3M’s globalization project was way ahead of its time. The company developed templates for global implementations that are still applicable more than a decade later.
Pretty impressive. But what makes 3M’s 1982 globalization project truly extraordinary is the fact that it was launched during an economic downturn.
By no stretch of the imagination was 1982 a good year. Unemployment averaged 9.7 percent, its highest level since the Great Depression. In November 1982, the unemployment rate hit a whopping 10.8 percent. The inflation rate that year hovered just above 6 percent. (Compare those figures with those from 2000, which saw 4 percent average unemployment and an inflation rate of 3.4 percent.)
For most companies, 1982 was a time to pull back, hunker down and mark time while studying the Machiavellian maneuvers of J.R. Ewing on Dallas. For 3M, it was a time to innovate.
And 3M is still reaping the benefits. The template-based approach and centralized management it developed then has helped it keep its IT headcount low?lower, indeed, than it was in the early ’80s. According to Drew, now 3M’s vice president of IT, this allowed the company to breeze through the IT worker shortage that hamstrung corporations throughout much of the dotcom boom. In fact, with an IT budget that’s 35 percent larger than it was in 1982, 3M today employs 25 percent fewer IT workers than it did then.
As 3M knew, innovation is most valuable when the economy is down-and-out. That’s when a company can separate itself from the pack. In good times everybody has lots of ideas and enough money to fund most of them. In bad times companies have to pick and choose. And that means they have to think analytically and creatively.

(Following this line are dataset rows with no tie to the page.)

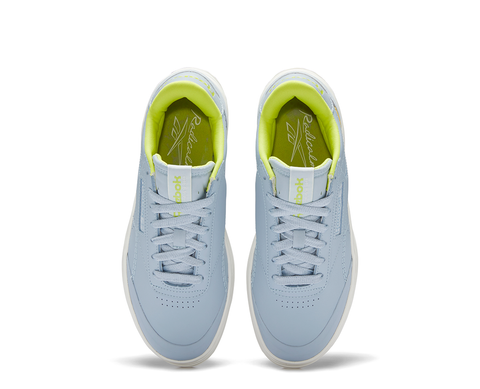 Reebok Club C Double Geo AZBE - H69144-485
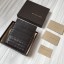 Bottega Veneta wallet BV0233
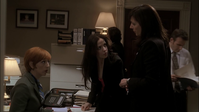 vlcsnap-2013-01-15-21h10m07s218.png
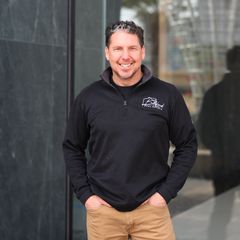 Joe Bourland - Joearizona.Com in Peoria, AZ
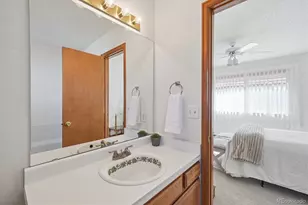 133 Rockaway Ave, Castle Rock, CO 80104 - Photo 25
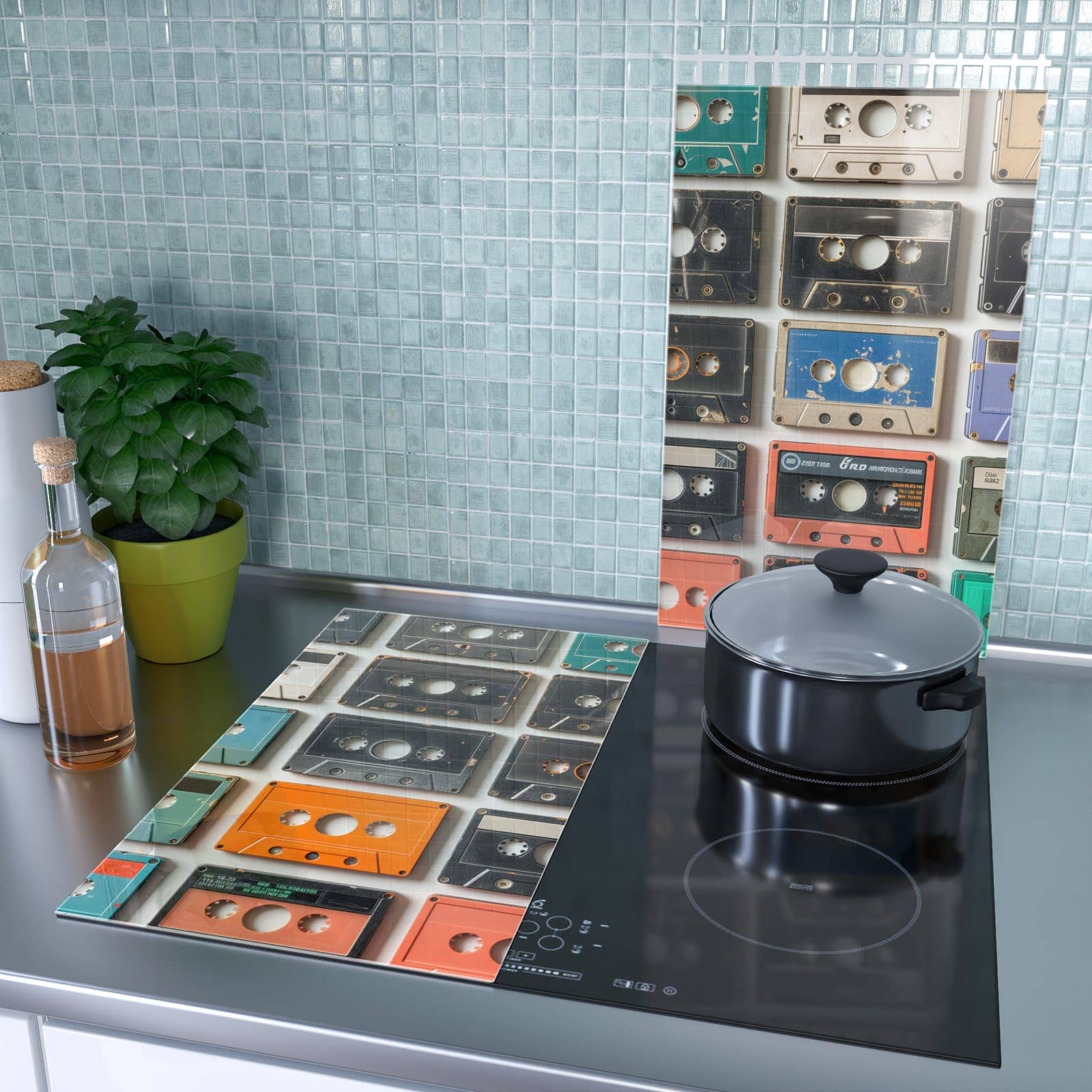 #grösse_2-teilig (je 30x52cm)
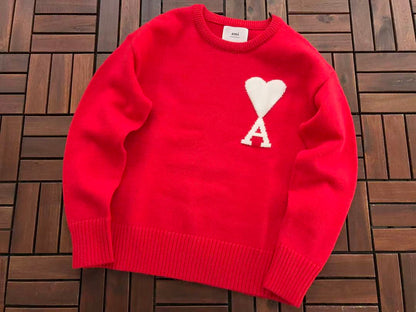 A🔥I SWEATER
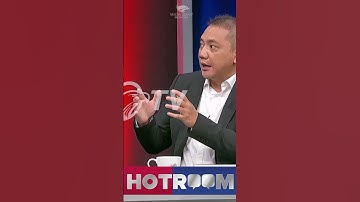 RUU Perampasan Aset Kenapa Mandat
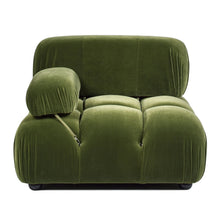 Load image into Gallery viewer, Marcel - Bubble Modular Modern Lounge Arm Chair
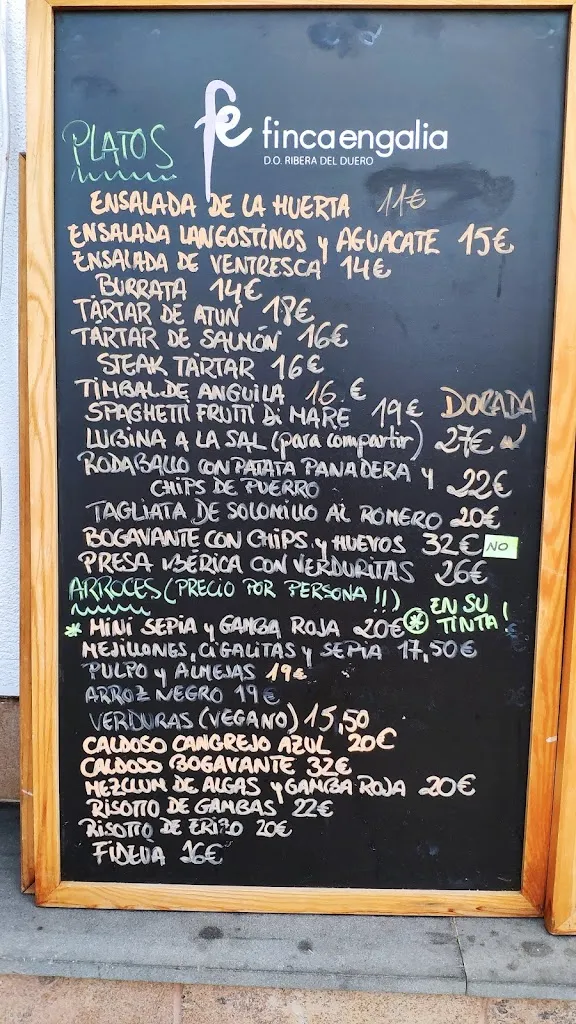 Menu_El Mercadet del Mar_Altafulla_image_3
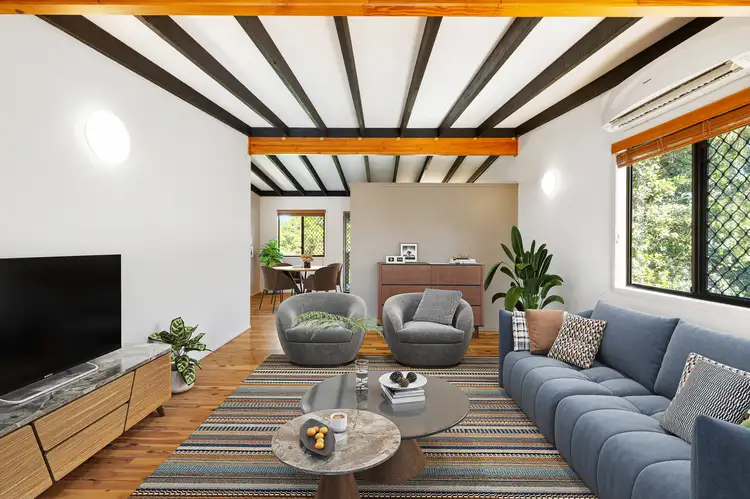 Third view of Homely house listing, 52 Dean Street, Bray Park QLD 4500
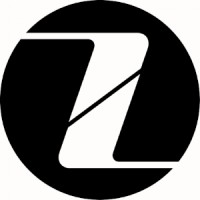 ZOOM LENS logo - Similar company to Project Memory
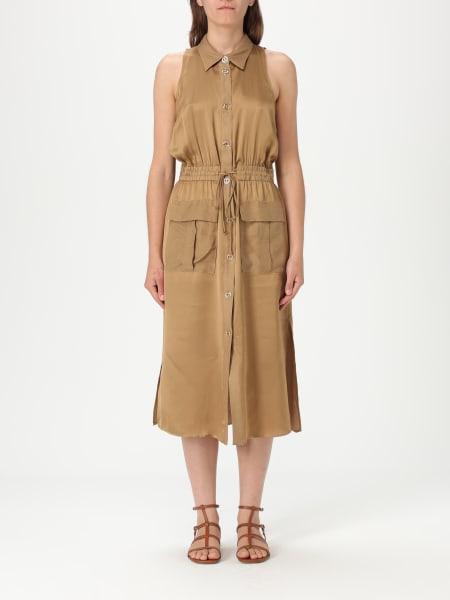 Twinset: Abito donna Twinset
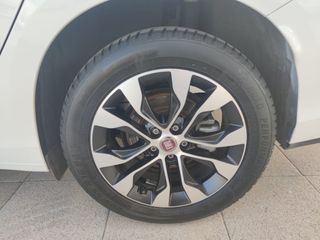 FIAT TIPO SW 1.3 MULTIJET 95 CV DIESEL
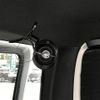 toyota hiace-van 2021 -TOYOTA--Hiace Van 3BF-TRH200V--TRH200-0340042---TOYOTA--Hiace Van 3BF-TRH200V--TRH200-0340042- image 24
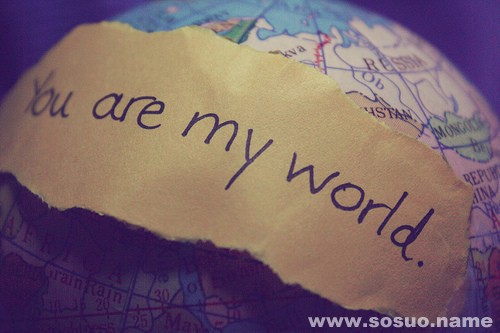 <em>梦见自己</em>不<em>穿</em>裤子_周公解梦查询_佛滔算命网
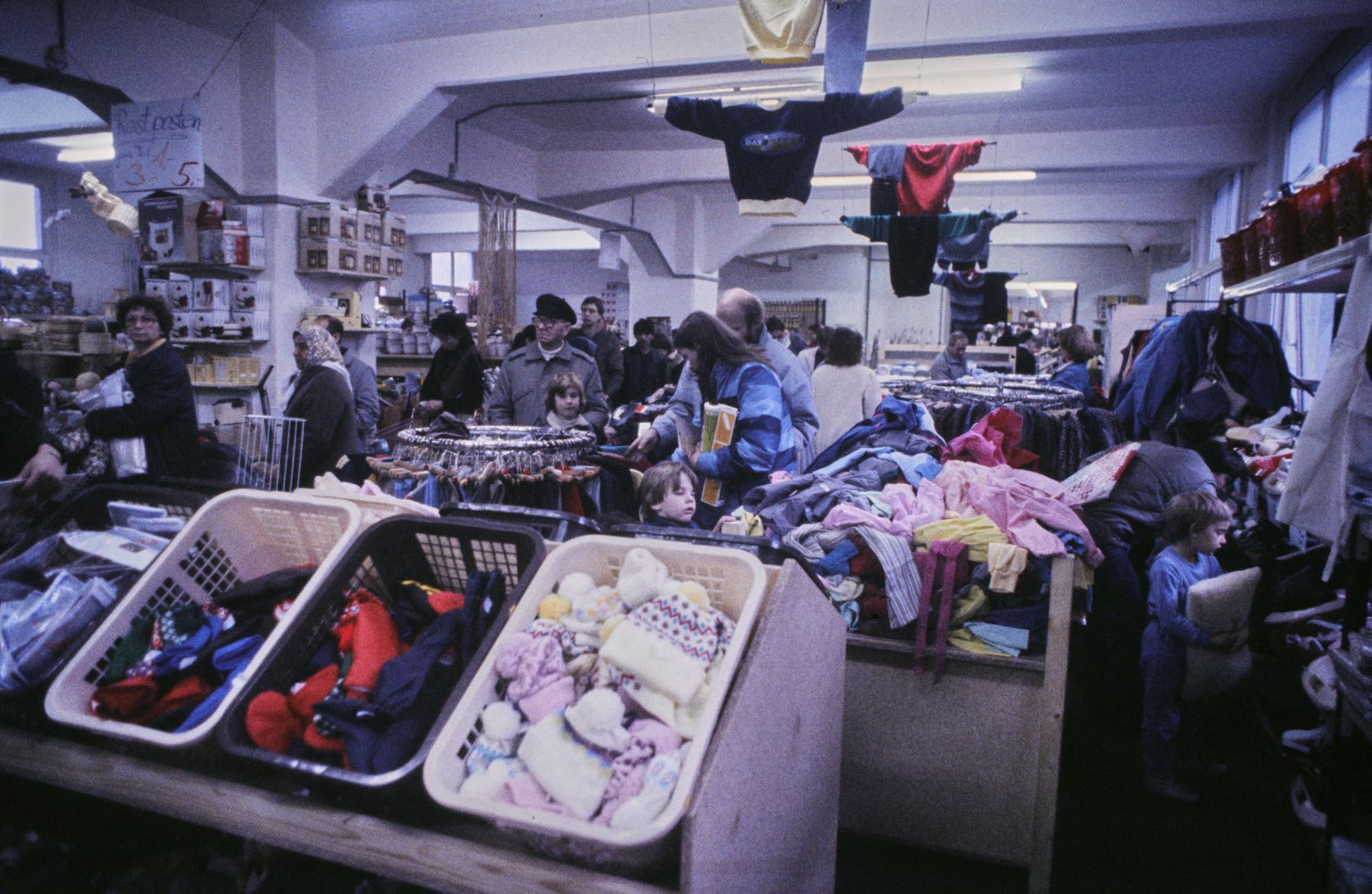 Thomas Willke   Kameramann   München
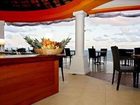 фото отеля Pestana Bahia Lodge Residence
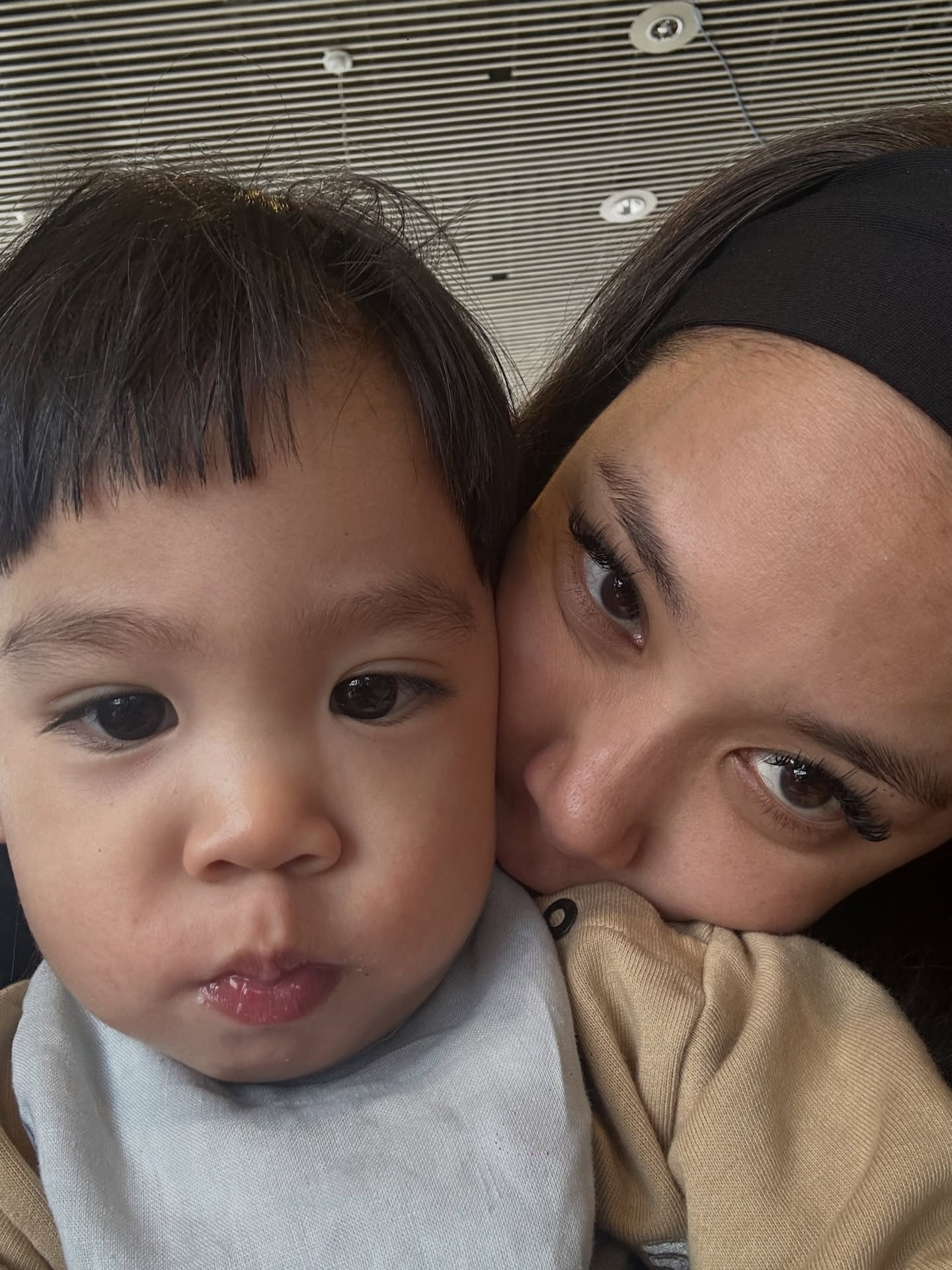 แอริน ยุกตะทัต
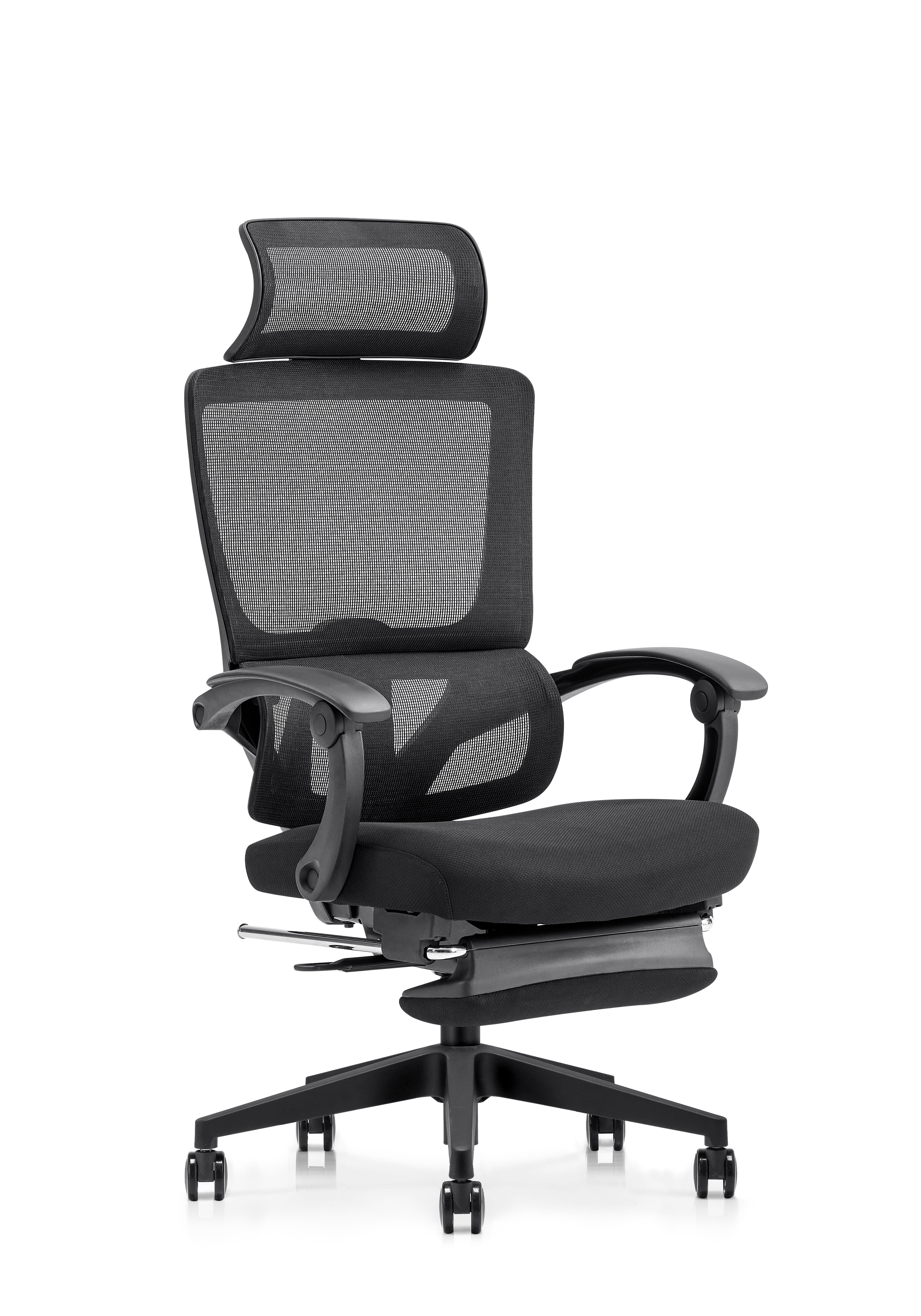 300 office chair sale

It’s risky innovating when the dollars budgeted for projects are precious. But when the markets rebound, those who have been innovating all along will be ahead of those who haven’t been.
Companies with a history of innovation have built legends and large revenue bases by capitalizing on good ideas in good times and bad. Drew believes that difficult economic times are actually a spur to innovation. "You’re forced to be creative and innovative because you have less resources with which to work," he says.